Minggu, 23 Januari 2011

Collections... Shoes


"I have just caught the shoe bug and would love to see a cross section of your collection Steve. Would make a great post..."
Anonymous Reader

What follows is a direct result of the above anonymous comment received on our Style Stalking feature and an enthusiastic nudge administered by EJ. The shoe bug is indeed contagious and I could not shirk the opportunity to unveil my collection. Now, as you all know, the ever changing pursuit of building the perfect wardrobe is a lifelong one so here is a snapshot of my present collection. The much appreciated art of wardrobe building is not a fast or haphazard activity: instead it is developed and nurtured over time. Of course there will be the odd irrational purchase or taste questioning gift but over time these items will be forgotten and you'll be left with a true indication of your style at a given time.

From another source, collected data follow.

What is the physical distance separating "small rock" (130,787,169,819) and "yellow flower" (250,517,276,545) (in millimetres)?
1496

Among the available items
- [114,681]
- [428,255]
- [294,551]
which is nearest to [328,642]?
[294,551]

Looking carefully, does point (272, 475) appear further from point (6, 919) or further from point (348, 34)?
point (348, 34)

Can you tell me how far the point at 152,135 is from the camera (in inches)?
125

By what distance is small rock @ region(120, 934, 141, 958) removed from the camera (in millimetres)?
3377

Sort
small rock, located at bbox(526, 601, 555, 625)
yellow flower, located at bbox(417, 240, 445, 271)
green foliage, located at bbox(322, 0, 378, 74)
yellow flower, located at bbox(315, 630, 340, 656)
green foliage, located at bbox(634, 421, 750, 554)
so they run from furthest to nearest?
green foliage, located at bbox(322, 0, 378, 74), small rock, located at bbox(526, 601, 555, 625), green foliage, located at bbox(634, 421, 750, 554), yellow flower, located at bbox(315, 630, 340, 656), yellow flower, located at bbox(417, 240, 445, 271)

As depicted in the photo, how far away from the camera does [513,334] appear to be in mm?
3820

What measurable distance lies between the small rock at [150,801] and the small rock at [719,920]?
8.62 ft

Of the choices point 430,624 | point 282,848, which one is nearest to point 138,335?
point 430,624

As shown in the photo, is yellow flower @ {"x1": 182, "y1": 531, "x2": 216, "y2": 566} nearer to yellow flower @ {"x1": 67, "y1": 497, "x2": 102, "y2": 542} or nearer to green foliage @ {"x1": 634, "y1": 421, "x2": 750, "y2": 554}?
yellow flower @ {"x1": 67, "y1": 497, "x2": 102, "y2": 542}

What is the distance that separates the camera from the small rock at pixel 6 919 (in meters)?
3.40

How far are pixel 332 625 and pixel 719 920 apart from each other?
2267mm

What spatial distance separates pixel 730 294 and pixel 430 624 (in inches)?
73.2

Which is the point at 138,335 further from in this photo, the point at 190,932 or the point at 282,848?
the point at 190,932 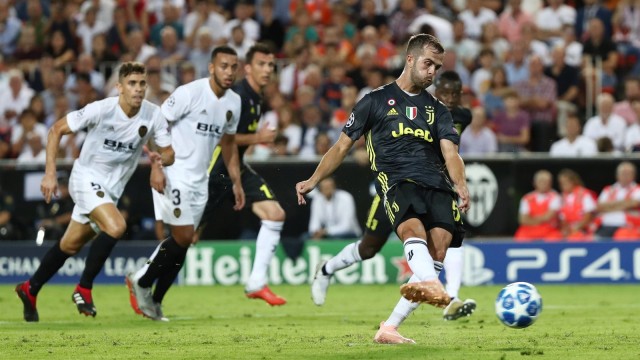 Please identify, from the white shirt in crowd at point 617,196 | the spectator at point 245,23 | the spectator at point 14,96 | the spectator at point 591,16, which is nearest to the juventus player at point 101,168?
the white shirt in crowd at point 617,196

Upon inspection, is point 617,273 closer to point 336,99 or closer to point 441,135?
point 336,99

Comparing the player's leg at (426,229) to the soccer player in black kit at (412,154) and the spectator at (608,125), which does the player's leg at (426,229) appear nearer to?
the soccer player in black kit at (412,154)

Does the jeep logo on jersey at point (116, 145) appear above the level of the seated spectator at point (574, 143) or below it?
below

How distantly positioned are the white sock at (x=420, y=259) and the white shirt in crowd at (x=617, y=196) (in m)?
8.57

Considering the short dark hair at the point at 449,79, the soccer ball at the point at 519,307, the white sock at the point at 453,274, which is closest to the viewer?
the soccer ball at the point at 519,307

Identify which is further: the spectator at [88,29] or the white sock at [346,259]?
the spectator at [88,29]

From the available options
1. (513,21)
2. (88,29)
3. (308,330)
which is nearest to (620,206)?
(513,21)

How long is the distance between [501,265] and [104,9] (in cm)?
972

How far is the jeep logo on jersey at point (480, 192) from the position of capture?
17531mm

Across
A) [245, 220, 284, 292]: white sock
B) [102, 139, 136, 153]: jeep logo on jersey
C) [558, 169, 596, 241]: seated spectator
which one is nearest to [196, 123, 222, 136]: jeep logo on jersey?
[102, 139, 136, 153]: jeep logo on jersey

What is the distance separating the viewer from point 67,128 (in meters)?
11.9

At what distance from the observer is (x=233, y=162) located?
518 inches

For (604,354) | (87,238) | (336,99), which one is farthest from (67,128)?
(336,99)

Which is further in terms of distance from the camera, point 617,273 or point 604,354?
point 617,273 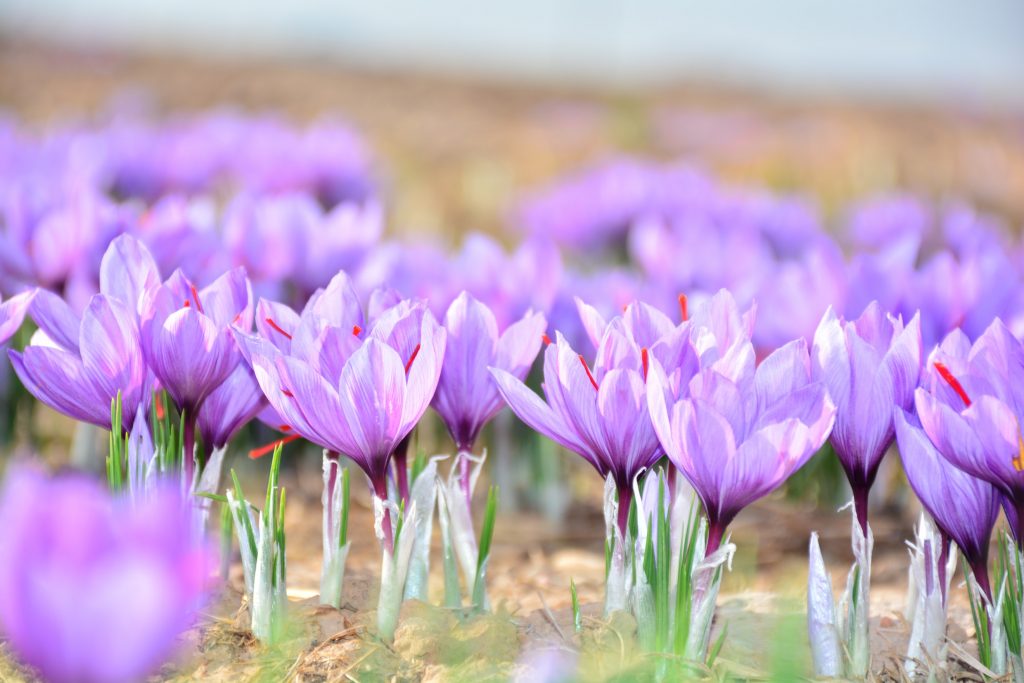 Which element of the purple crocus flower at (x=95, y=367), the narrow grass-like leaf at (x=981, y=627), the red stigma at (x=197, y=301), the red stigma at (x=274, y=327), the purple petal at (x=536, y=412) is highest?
the red stigma at (x=197, y=301)

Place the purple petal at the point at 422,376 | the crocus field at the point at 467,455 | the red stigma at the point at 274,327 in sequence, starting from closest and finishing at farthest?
the crocus field at the point at 467,455
the purple petal at the point at 422,376
the red stigma at the point at 274,327

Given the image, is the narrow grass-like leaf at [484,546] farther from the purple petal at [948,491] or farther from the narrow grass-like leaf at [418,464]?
the purple petal at [948,491]

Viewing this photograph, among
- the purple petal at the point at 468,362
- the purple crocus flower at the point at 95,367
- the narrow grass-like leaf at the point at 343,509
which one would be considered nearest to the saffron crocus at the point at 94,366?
the purple crocus flower at the point at 95,367

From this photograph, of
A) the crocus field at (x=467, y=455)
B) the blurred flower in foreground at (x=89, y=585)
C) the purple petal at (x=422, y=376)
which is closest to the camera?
the blurred flower in foreground at (x=89, y=585)

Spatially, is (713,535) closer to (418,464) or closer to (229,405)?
(418,464)

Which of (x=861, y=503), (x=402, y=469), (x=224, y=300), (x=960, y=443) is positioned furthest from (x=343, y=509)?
(x=960, y=443)

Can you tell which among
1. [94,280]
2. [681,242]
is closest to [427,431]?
[681,242] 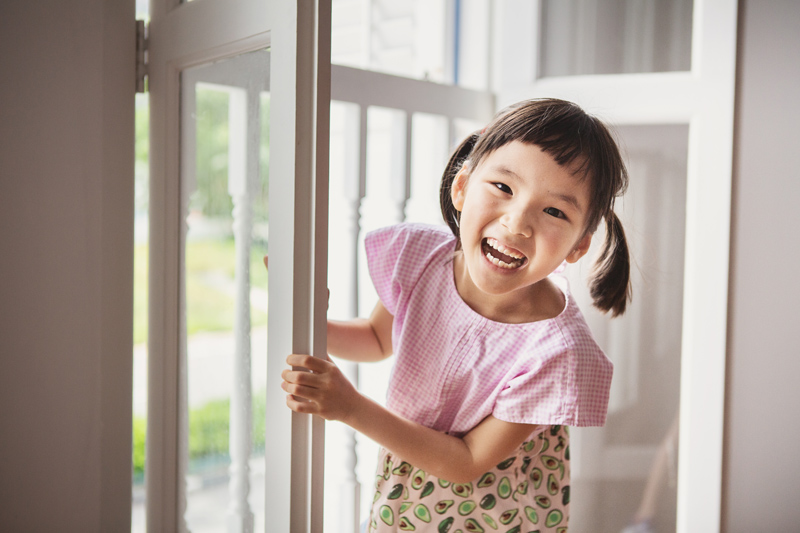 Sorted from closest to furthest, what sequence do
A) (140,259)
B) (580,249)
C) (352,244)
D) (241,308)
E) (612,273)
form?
1. (241,308)
2. (580,249)
3. (612,273)
4. (352,244)
5. (140,259)

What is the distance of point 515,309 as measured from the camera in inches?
44.1

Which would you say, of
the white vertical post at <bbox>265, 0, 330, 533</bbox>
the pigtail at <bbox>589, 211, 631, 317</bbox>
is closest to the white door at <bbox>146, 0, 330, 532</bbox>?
the white vertical post at <bbox>265, 0, 330, 533</bbox>

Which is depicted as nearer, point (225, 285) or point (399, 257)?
point (225, 285)

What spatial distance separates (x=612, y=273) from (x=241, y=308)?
0.65 metres

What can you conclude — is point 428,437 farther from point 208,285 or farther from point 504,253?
point 208,285

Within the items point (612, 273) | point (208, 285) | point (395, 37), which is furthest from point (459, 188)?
point (395, 37)

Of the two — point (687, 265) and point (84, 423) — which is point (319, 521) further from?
point (687, 265)

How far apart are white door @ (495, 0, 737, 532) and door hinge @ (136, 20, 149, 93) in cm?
83

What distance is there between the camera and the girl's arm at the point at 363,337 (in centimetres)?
117

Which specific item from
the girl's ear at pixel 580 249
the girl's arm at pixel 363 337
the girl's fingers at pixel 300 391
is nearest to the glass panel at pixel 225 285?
the girl's fingers at pixel 300 391

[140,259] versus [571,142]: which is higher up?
[571,142]

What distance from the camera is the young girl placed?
966 mm

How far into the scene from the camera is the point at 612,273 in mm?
1166

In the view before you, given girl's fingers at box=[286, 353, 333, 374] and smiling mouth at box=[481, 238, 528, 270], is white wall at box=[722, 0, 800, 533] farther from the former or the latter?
girl's fingers at box=[286, 353, 333, 374] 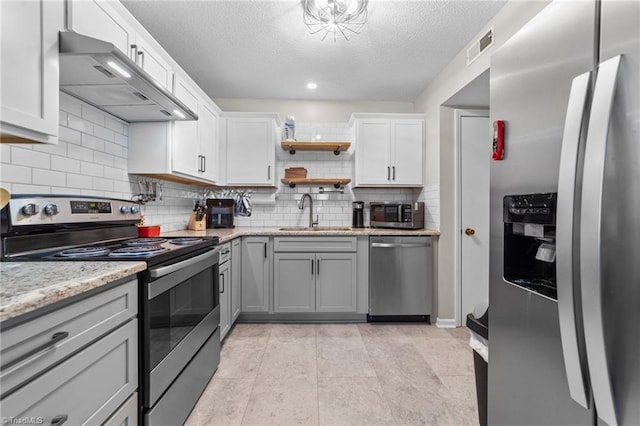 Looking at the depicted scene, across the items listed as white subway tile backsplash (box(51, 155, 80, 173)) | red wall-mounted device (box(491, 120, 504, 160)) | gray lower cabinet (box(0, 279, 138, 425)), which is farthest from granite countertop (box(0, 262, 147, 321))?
red wall-mounted device (box(491, 120, 504, 160))

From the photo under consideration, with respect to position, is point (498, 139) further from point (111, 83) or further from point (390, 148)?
point (390, 148)

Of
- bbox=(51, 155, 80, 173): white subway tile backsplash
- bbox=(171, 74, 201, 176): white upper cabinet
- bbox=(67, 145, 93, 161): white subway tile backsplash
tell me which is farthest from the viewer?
bbox=(171, 74, 201, 176): white upper cabinet

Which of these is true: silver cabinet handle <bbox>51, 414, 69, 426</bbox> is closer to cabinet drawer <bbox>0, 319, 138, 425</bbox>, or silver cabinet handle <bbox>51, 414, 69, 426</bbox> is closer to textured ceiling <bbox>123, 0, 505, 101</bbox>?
cabinet drawer <bbox>0, 319, 138, 425</bbox>

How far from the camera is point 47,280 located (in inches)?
32.2

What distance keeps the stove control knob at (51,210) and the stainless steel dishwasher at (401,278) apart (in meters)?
2.39

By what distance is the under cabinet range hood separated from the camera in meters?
1.12

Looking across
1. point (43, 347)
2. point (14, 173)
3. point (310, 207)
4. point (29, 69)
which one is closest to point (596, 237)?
point (43, 347)

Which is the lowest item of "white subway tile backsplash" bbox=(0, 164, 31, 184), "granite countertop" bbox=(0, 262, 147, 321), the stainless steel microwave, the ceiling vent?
"granite countertop" bbox=(0, 262, 147, 321)

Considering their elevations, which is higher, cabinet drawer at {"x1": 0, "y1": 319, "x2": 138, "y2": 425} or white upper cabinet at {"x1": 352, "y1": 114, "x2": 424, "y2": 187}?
white upper cabinet at {"x1": 352, "y1": 114, "x2": 424, "y2": 187}

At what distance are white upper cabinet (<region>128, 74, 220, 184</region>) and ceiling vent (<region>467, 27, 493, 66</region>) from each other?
2.37 m

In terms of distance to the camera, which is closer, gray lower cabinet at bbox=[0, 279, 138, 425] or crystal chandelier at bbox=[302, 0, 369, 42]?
gray lower cabinet at bbox=[0, 279, 138, 425]

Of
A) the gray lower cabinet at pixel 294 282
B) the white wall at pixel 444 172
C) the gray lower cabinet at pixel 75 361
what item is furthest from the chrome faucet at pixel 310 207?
the gray lower cabinet at pixel 75 361

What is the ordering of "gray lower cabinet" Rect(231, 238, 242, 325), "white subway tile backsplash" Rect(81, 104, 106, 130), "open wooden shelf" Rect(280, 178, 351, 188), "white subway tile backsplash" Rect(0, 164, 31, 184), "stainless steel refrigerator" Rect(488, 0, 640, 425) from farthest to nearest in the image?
"open wooden shelf" Rect(280, 178, 351, 188) < "gray lower cabinet" Rect(231, 238, 242, 325) < "white subway tile backsplash" Rect(81, 104, 106, 130) < "white subway tile backsplash" Rect(0, 164, 31, 184) < "stainless steel refrigerator" Rect(488, 0, 640, 425)

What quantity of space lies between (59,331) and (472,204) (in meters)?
3.05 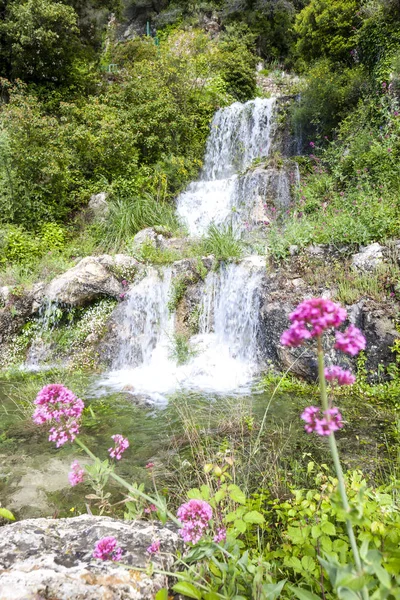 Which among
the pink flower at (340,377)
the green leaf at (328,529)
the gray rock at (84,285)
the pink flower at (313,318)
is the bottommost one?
the green leaf at (328,529)

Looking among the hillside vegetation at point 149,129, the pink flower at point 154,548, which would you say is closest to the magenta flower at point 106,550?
the pink flower at point 154,548

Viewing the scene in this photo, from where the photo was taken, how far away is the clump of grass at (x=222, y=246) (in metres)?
7.43

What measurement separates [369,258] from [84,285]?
5.35 meters

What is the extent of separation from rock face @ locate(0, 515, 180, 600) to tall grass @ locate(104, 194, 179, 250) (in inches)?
308

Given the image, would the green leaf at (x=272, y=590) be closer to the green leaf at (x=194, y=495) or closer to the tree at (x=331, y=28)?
the green leaf at (x=194, y=495)

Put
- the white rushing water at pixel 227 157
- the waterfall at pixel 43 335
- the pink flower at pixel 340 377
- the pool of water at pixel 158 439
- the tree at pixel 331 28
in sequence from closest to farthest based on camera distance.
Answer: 1. the pink flower at pixel 340 377
2. the pool of water at pixel 158 439
3. the waterfall at pixel 43 335
4. the white rushing water at pixel 227 157
5. the tree at pixel 331 28

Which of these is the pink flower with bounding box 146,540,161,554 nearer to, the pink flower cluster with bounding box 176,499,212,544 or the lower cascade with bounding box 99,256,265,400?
the pink flower cluster with bounding box 176,499,212,544

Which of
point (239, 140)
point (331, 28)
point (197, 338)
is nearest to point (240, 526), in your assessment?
point (197, 338)

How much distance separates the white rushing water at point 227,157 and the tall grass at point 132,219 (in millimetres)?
806

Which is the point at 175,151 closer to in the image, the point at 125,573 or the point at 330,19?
the point at 330,19

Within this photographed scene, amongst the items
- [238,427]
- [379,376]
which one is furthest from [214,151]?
[238,427]

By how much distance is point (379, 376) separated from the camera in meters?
4.85

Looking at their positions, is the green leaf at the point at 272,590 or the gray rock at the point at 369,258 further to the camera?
the gray rock at the point at 369,258

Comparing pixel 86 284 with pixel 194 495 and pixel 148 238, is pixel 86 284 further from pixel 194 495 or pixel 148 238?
pixel 194 495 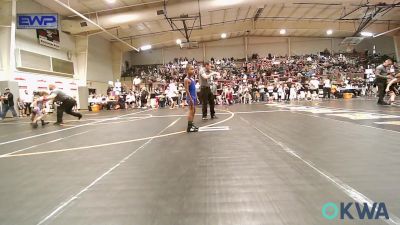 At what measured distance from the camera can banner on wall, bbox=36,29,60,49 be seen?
69.4ft

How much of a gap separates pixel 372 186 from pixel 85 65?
2611 cm

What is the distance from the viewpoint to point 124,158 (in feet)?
13.6

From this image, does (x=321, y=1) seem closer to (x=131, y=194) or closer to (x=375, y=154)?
Result: (x=375, y=154)

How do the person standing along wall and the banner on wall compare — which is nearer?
the person standing along wall

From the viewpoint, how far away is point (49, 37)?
22094mm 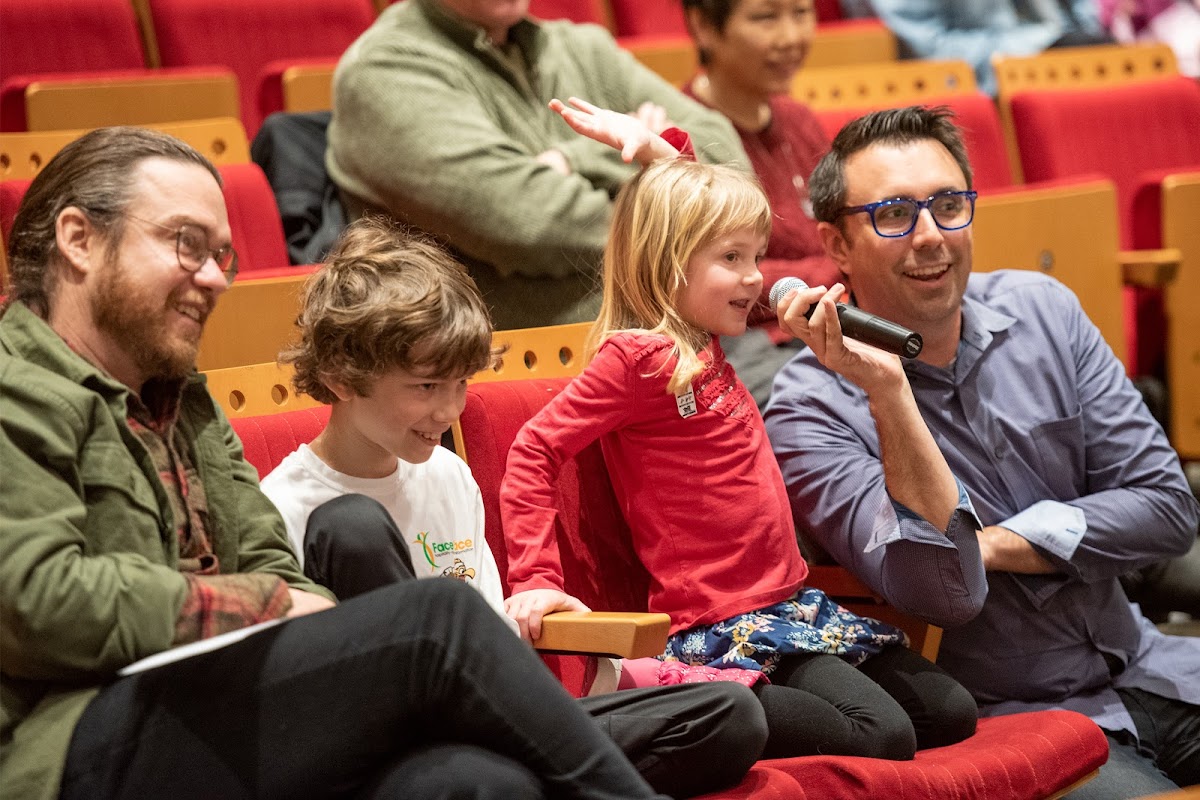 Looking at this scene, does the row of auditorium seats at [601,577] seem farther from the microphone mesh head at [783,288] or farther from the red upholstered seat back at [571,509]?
the microphone mesh head at [783,288]

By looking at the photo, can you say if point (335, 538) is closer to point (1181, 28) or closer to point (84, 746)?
point (84, 746)

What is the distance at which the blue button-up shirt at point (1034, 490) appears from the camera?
1384 millimetres

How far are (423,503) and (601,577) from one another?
0.72ft

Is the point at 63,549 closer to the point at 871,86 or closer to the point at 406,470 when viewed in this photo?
the point at 406,470

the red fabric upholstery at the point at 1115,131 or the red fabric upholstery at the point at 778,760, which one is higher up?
the red fabric upholstery at the point at 1115,131

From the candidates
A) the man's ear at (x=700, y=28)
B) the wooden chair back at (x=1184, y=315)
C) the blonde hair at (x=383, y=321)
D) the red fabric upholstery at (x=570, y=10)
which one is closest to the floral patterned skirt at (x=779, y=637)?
the blonde hair at (x=383, y=321)

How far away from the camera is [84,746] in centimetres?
87

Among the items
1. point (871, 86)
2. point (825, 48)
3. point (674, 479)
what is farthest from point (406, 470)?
point (825, 48)

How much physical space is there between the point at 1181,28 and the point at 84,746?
2.91m

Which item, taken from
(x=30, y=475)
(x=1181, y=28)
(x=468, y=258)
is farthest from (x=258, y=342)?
(x=1181, y=28)

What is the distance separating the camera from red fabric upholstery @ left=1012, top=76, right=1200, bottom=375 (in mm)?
2443

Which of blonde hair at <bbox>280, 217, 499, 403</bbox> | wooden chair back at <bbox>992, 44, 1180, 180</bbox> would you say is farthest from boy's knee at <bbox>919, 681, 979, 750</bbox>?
wooden chair back at <bbox>992, 44, 1180, 180</bbox>

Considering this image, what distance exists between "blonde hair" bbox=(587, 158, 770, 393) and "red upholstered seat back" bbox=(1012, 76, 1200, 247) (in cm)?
125

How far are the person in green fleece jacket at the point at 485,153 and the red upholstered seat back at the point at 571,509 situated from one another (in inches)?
13.1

In recent years, I have attempted to focus my attention on one specific area of need at a time. The last eighteen months have seen me refine, edit, purchase and lay the foundations of a shoe collection fit for my tastes of today, and hopefully tomorrow. This period began with an acknowledgment that it was time to bid a fond farewell to eight pairs of pavement abused and gig sullied Converse All Stars and a plethora of well loved Adidas trainers. Following this difficult period of trainer cleansing (of course the odd, well preserved favourite was kept), I began investing in footwear that my feet craved. The collection, once reduced to its bare essentials, has slowly but surely grown to its current level of seventeen well loved pairs. This weekend I decided to take a snapshot of the current collection and highlight a few of my favourites...

The current line-up in full

Varying heights and styles...

From Boots to brogues to lace ups to trainers to high tops...

A few trainers remain alongside a couple of new pairs.

Now, having offered the requested cross section of my shoe collection I could not resist offering a closer look at a few favourites. What follows are descriptions of seven of my well loved and well worn pairs. I've always loved the idea of a man's wardrobe providing an eloquent narrative of his life less ordinary. Here's what my shoes have to say...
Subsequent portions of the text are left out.